Archaeological sites around the world are in danger. Political and social upheaval, shifting land usage, illegal digging and looting, and the effects of climate change all pose threats to sites of historical importance. These locations connect us with our cultural heritage and contain artifacts essential to our understanding of the cultures preceding ours. To preserve our past and learn from what it has to offer, important archaeological sites must be identified, protected, prioritized, and studied. Doing so requires the collaborative efforts of government agencies, the public, and researchers alike.
Dr. Shelby Anderson is an archaeologist and Assistant Professor, Department of Anthropology at PSU. Much of her research focuses on late Holocene settlements (i.e., those occupied in roughly the last 2,000 years) in the Bering Land Bridge region of northern Alaska. Dr. Anderson catalogues and sources ancient fragments of ceramics to gain insights into the ways social networks (the movement of people between settlements) helped the former inhabitants of the region cope with environmental and social changes. She collaborates with agencies like the Bureau of Land Management (BLM), fellow researchers in Alaska, and native populations to identify, study, and preserve important archaeological sites susceptible to loss and damage caused by climate change and illegal digging. And she develops and implements methodologies for working in the field in the unique and constantly evolving Alaskan landscape.

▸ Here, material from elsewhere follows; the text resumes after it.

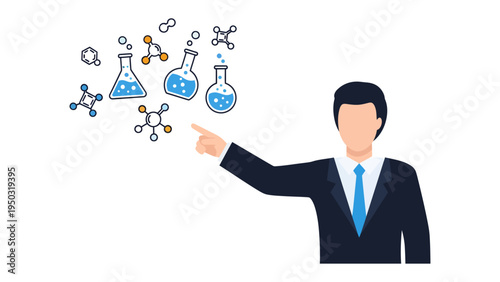 Scientific Insights: A scientist in a professional attire is pointing towards various chemical structures and lab apparatuses, creating an image that is both educational and engaging.
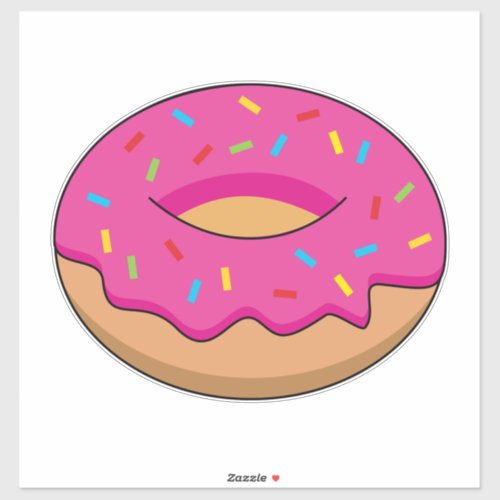 Strawberry Donut with Sprinkles Cartoon Sticker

In a collaborative research project in association with the National Parks Service (NPS), Dr. Anderson and NPS researchers Michael Holt and Jeremy Karchut are assessing the impacts of climate change on coastal archaeological sites in northwest Alaska’s Kotzebue Sound region. The archaeological sites in this area of Alaska contain important artifacts such as ancient pottery and fragments of bone that can reveal much about the people who lived there and what the environment was like. But these sites and the objects they contain are in danger. The effects of climate change: rising sea levels, coastal and riparian erosion, the increased frequency and intensity of storms, warming of the earth and the melting of artic permafrost will likely mean many of these sites will be lost.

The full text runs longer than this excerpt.